Flying Tiger’s hodgepodge of kitsch is inspired by the flea markets where the chain’s founder, Lennart Lajboschitz, used to sell overstock. The upside of Denmark’s spin on the flea market aesthetic is that despite cheapo prices, Flying Tiger’s products don’t look like junk, thanks to simple, creative designs. You’ve probably seen stuff of the same quality and aesthetic for sale in Urban Outfitters’ home goods section for five times the cost. (Cultural differences between Copenhagen and New York City aren’t so vast that the store’s design registers as “foreign” or “exotic”–if anything, it’s the reasonable prices that set it apart from the American approach to retail.) But since everything is mass-produced, no matter how original or eccentric the designs, it’s harder to find gifts that feel unique or meaningful at Flying Tiger than it is, say, at an actual flea market, where one-of-a-kind vintage goods reign.

Still, in the mustache section (the store’s products are arranged by theme), I came across a few things I hoped would have deep significance for their recipients. My brother has a bit of a thing for mustache memorabilia. In high school, he kept a fake mustache in a red velvet-lined jewelry box and called it his “secret stache.” From the shelves heaped with mustache stuff, I pick three $1 mustache-printed drinking glasses, some $2 mustache pushpins, and a $3 mustache-shaped piggy bank.


The next section was themed around noses. Both my mother and grandmother have elegantly prominent noses that, after years of teenage self-consciousness, they now wear with pride. For these ample-schnozzed matriarchs, I pick two gifts that honor their strong profiles: A magenta nose-shaped eyeglasses holder ($3) and a ceramic mug with a big nose-shaped handle (also $3).
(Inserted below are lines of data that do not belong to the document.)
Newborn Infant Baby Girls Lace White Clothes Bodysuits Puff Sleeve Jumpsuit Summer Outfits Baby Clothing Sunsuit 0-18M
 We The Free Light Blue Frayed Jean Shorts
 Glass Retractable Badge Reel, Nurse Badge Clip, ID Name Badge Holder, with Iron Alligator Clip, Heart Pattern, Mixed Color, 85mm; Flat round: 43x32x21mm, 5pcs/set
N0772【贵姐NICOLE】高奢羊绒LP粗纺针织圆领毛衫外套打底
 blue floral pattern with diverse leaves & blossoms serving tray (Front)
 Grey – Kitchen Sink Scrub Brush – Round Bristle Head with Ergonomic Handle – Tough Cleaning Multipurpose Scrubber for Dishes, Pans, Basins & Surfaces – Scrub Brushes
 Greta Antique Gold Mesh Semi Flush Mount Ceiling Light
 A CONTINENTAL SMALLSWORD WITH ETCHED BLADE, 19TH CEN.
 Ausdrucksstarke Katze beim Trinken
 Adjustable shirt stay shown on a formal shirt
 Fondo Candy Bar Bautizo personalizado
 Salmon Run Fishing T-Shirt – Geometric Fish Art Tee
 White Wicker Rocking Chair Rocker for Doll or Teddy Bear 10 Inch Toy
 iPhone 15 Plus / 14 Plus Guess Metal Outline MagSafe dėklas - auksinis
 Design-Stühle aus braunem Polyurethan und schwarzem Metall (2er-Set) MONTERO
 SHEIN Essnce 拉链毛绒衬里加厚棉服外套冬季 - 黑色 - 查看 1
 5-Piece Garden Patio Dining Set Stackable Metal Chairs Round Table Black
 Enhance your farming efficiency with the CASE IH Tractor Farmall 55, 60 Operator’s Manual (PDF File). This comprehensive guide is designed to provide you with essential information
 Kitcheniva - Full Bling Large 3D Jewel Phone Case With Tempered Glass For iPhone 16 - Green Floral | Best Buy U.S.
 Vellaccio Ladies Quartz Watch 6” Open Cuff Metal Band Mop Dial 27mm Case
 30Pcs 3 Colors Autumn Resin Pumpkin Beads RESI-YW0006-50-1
It was harder to find presents for grown men, like my dad, who is not an adorable knickknack kind of guy, if there is such a thing. Material goods he appreciates include drum sets, medicine balls, and the occasional cigar, none of which Flying Tiger stocks. But as I was about to lose hope, I saw it: A jar labeled “Glowing Slime/Slim selvlysende” for $2. It was perfect: He could mold the slime into whatever mysterious thing he secretly wanted for Christmas, and its glow would light up his life. There really was something for everyone in this Danish wonderland.

Toward the end of this consumerist endurance test, I grab a $5 LP frame for record-collecting friend (Urban Outfitters sells the same thing for $18); a $5 miniature pool table for my college-aged sister; $2 spools of yarn for a knitting friend; plus some lovely blue plates ($3) and a few $1 elf-patterned washcloths for whoever I forgot about. The grand total for 21 gifts for 12 people: $79.

If $79 worth of cheap Danish design didn’t convince my friends and family I really cared about them, I hope that, in the words of Flying Tiger’s mission statement, these things would at least serve as inspiration “to have fun, smile, and engage every day”–or, if not every day, for a few minutes before opening their next gift.